In January 2014 SAHA submitted a number of PAIA requests to Transnet on behalf of former Transnet employees facing eviction from their homes. It was hoped that these records would enable them to secure their housing rights, stemming from a housing scheme they entered into while employed at Transnet.
Instead the result has been a long struggle, fighting back and forth over section 18 of PAIA, which provides that 'if the request is made on behalf of a person, [the requester must] submit proof of the capacity in which the requester is making the request, to the reasonable satisfaction of the information officer'. Although getting information for the former employees was the issue at hand, Transnet decided to fixate on the "reasonable satisfaction of the information officer" requirement, demanding that SAHA prove the capacity in which it makes these requests. SAHA provided, where this was practically possible, some of this "reasonable information" documentation, even though providing such documentation is not expressly required by PAIA and could never, in light of the objects of the act be seen as "reasonable". This documentation included certified ID copies and affidavits from the requesters proving the capacity in which SAHA was making the request. SAHA's own authorisation and consent forms were rejected by Transnet. Furthermore Transnet demanded proof that SAHA was a bona fide non-profit organisation.

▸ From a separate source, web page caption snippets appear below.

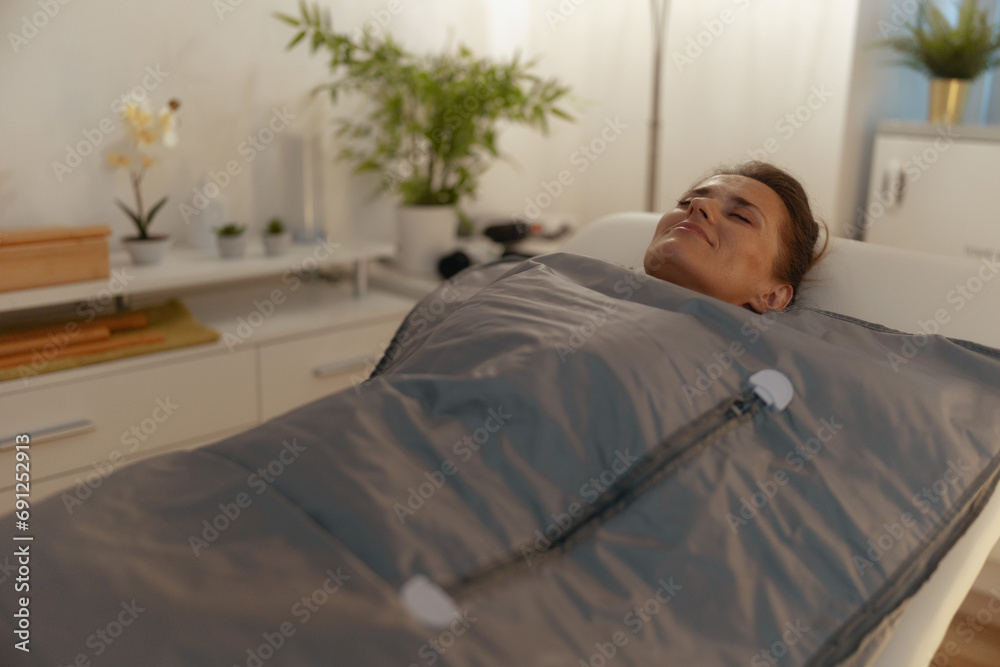 woman doing whiskey swaddling procedure in thermal blanket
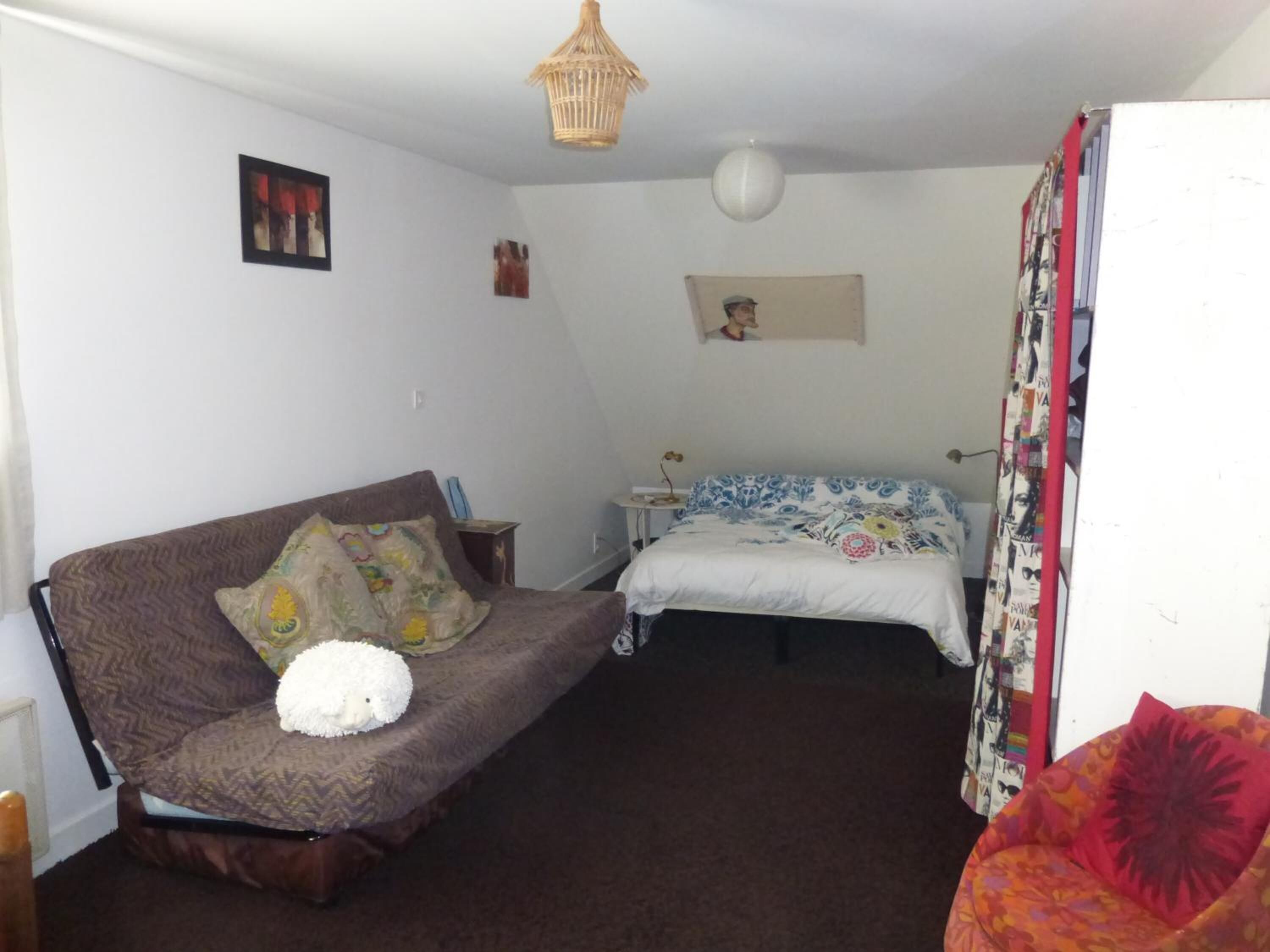 Um quarto pequeno e acolhedor com um sofá marrom, uma cama com colcha colorida, uma mesinha de cabeceira com abajur e um lustre.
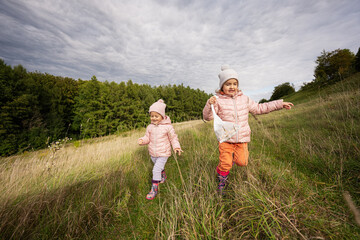 Fototapeta premium Sisters having fun and run outdoor near forest.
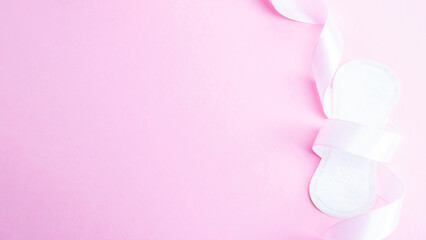 Obraz na płótnie Canvas Feminine hygiene menstrual pads. Menstruation napkin for woman hygiene on pink background. Menstruation feminine period. Menstruation, critical days, zero waste, eco, ecology banner.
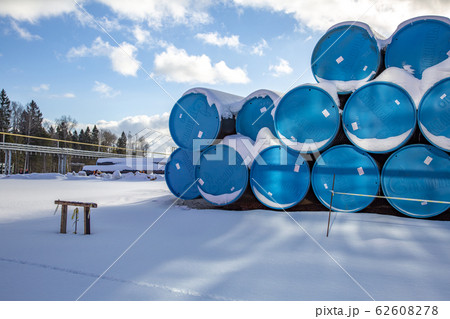 Pipes for the gas pipeline are in the snow 62608278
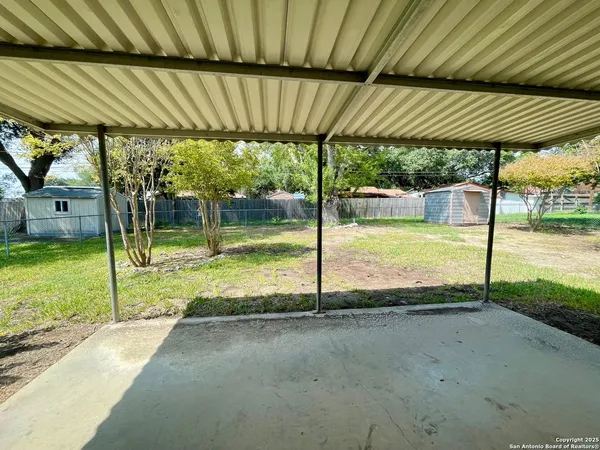 a view of a backyard with swimming pool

It was only after six months that Transnet gave SAHA any indication that it was actually unlikely that those records still existed, which after such a long struggle raised questions and concerns. Not only did it raise concerns about their record keeping practices and compliance with PAIA, but also about the truth of the claim that it is unlikely that these records still exist.
Meanwhile Mr. Tlale, one of the people on whose behalf SAHA was making the request, passed away, now this struggle for information about the Transnet housing scheme is left in the hands of his widow, Mrs Tlale, and their children.
It is not only Mrs Tlale who is affected by this problem, but also a number of elderly people who are former Transnet employees. One elderly lady told SAHA that she has been evicted and now all her valuables have either been stolen or damaged through the process of moving from place to place, without a secure place to stay. Another 70 year old man, who has been staying in the same house since 1992, continues, 20 years on, to make payments for the house, but without any records showing the capital amount owed or what was paid off during his employment with Transnet. He complains that he is having to spend his golden years running around trying to find information about this housing scheme.
Most of these people are elderly and suffering because of a lack of information, they need information about how their debt ended up in the hands of a bank, why they were not informed of this transfer of debt and how much of their debt was paid off through deductions from their salaries. Getting this information could help some of them secure their right to adequate housing, will open up a way forward to solving the issue of possible eviction for others and could help still more people, already evicted, get their houses back.
Unfortunately however, this is not going to happen since Transnet released a Section 23 (PAIA) affidavit stating that they could not find the records and that it was unlikely that the records still existed. SAHA at this stage can do nothing more as it cannot prove that it is probable that the records actually did or still do exist - the 593 days-late response is only reason for suspicion.